There's No Accounting for Tesla Bondholders' Tolerance
Comment of the Day

March 09 2018

Commentary by Eoin Treacy

There's No Accounting for Tesla Bondholders' Tolerance

This article by Liam Denning for Bloomberg may be of interest to subscribers. Here is a section:

There's more to be found off the balance sheet, too. According to Tesla's annual filing, which dropped a couple of weeks ago, it's potentially on the hook for an estimated $8.5 billion of contracted purchases over the next three years alone. Most of this relates to batteries coming from Panasonic Corp. and emphasizes the importance of Model 3 production catching up with the vast ambitions set ahead of it.

That fixed-income investors are fine with this is, of course, a function of their primary defense; namely, Tesla's gravity-defying stock price. The potential for an eighth equity sale to refill company coffers serves to salve any wounds inflicted by slipping Model 3 targets or senior managers sipping away. In early trading on Friday morning, the shares were down less than 1 percent.
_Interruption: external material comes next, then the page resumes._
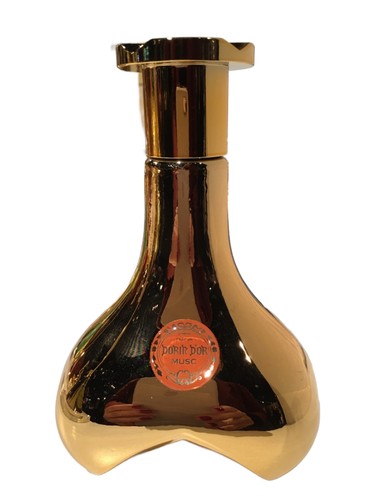 Frasco de Dorin D'Or Musc, de Dorin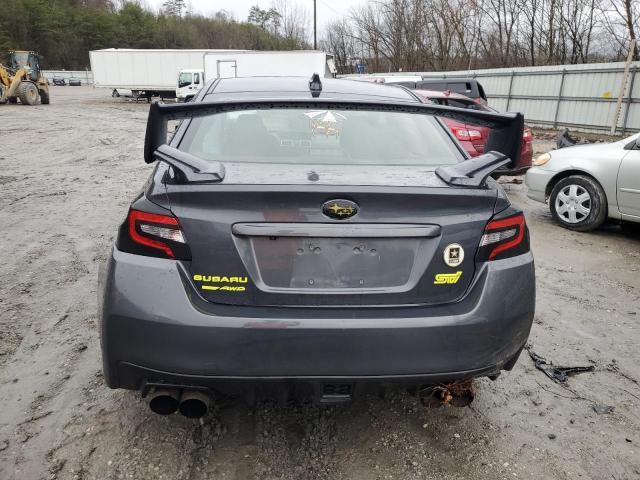 Photo 6 from auction – 2020 SUBARU WRX STI with VIN JF1VA2S66L9814465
What might cause the market's confidence to crack? It's impossible to say, though the Model 3's woes represent the most acute threat. We are now just over three weeks away from the March 31 deadline to get weekly production up to 2,500; a target that's been reset several times already. Bloomberg's own tracker estimates the current rate at less than 700.

Eoin Treacy's view

Tesla is a B- rated credit so it sits squarely in the riskiest portion of the junk bond universe. The fact that it’s attempts to build a large-scale manufacturing venture from zero have been met with equanimity by the investing public is a testament to the boldness of their design, Elon Musk’s ability to inspire just about everyone he meets and the abundance of credit on offer since 2008.

The share has been ranging above $300 since April of last year. Volatility is something investors in Tesla are familiar but there is a preponderance of downward dynamics within the range over the last year. $300 represents the upper side of the underlying range but the below options pricing page highlights that a considerable number of 3-month put options move into the money if the price falls below that level.

Tesla is a barometer for global risk tolerance in the high yield sector. High yield spreads have been inert for more than a year but if investors lose confidence in Tesla’s ability to continue to raise capital it is likely to have a knock-on effect for the whole high yield sector.